WHAT THE TASK REQUIRES –
Beginning with the line that has "Chiquease Damen Herbst/Winter" and ending with the line that has "Curved Logo Hooded Denim Jacket", retype the entries below exactly, except for the pictures.

SUPPLIED DATA –
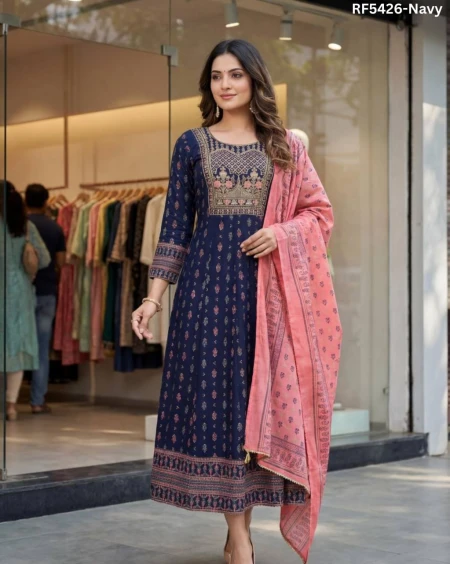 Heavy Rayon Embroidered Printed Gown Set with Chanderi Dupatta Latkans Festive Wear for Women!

--

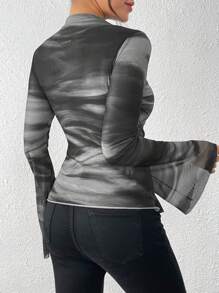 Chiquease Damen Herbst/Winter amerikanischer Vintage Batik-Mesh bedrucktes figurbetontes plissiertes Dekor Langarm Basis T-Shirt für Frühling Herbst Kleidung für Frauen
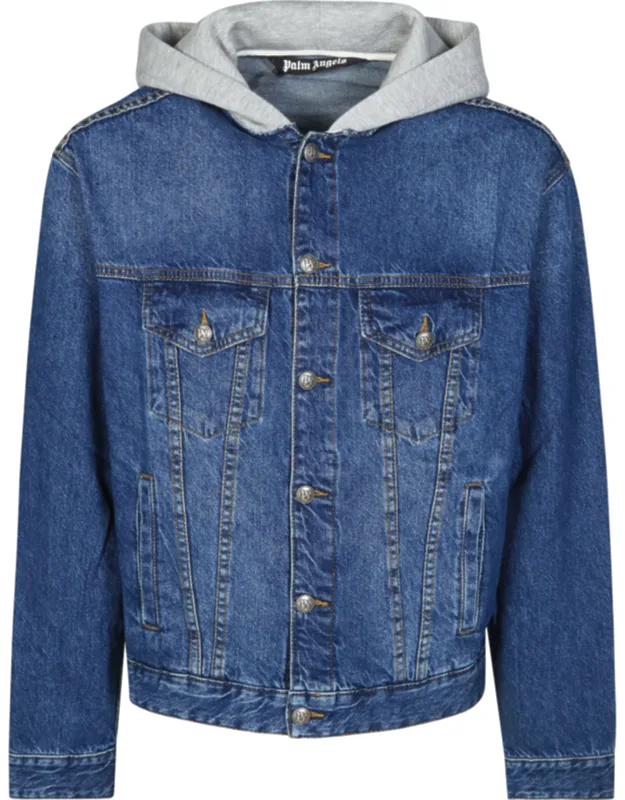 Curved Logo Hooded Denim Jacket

RESULT OF THE TASK –
 Chiquease Damen Herbst/Winter amerikanischer Vintage Batik-Mesh bedrucktes figurbetontes plissiertes Dekor Langarm Basis T-Shirt für Frühling Herbst Kleidung für Frauen
 Curved Logo Hooded Denim Jacket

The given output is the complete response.